Segunda-feira, 31 de Janeiro de 2011
Great news, everybody: democracy just kicked in!

O ocidente, as we know it, adora revoluções. Basta ouvir a palavra "liberdade" ou motes como "protestos contra o regime x" e fica logo tudo histérico. Vem aí a democracia! É a revolução! Bem, sabemos que os precedentes internacionais no capítulo das revoluções não são muito simpáticos. Muitos dos regimes autoritários e repressivos foram substituídos por outros regimes ou dominados por grupos elitistas igualmente repressivos. É claro que a situação do Egipto, por exemplo (são tantas revoluções que uma pessoa nem sabe qual escolher, é a loucura democrática), passa muito pela censura dos meios de informação, nos últimos dias. Pode dizer-se que isso fez disparar os protestos. Mas, poderemos garantir que este é um protesto das novas tecnologias? Das redes sociais? Do povo nas ruas, por uma sociedade global e democrática?

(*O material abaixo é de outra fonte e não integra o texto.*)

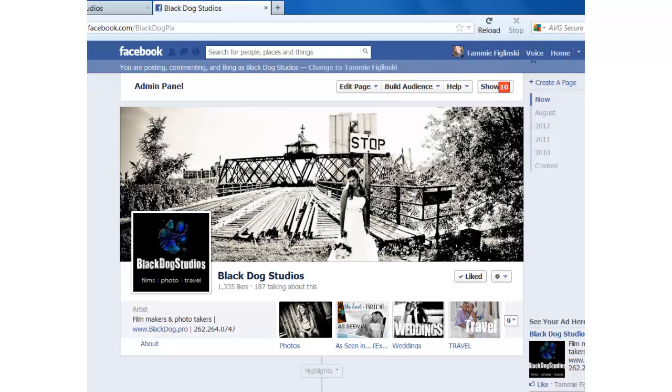Hey everybody, Tammy here again. I wanted to teach you how to check your page insights and this is going to show you how much activity is actually coming onto your Facebook fan page,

Outro aspecto da imagem que se cria internacionalmente é a do vírus democrático em toda a região (que é um bocadinho grande, mas com a circulação da informação o mundo é uma coisa tão pequena, hoje, não é verdade?). Parece que há uma espécie de GPS geopolítico por onde o grande carro da democracia se orienta desbravando o caminho da liberdade. Mesmo que as realidades socio-culturais sejam absolutamente diferentes e que o caos nas ruas tenha consequências diferentes. É claro que ninguém pensa muito bem nas consequências do caos. Estamos a falar de regimes tecnicamente apoiados pelo ocidente, amigos do progresso, e que viraram durante anos costas ao pan-arabismo. Por isso, é muito provável que depois do teatro mediático de novos governos de salvação nacional surjam os primeiros efeitos contra-laicismo, o que neste caso poderá significar um abandono das relações com o ocidente reflectindo-se isto noutras formas de repressão. O que seria uma grande maçada.

 

 

 

Adenda: uma boa leitura será também este post do João Pinto e Castro (este link prova que sou a pessoa menos sectária e obstinada do mundo).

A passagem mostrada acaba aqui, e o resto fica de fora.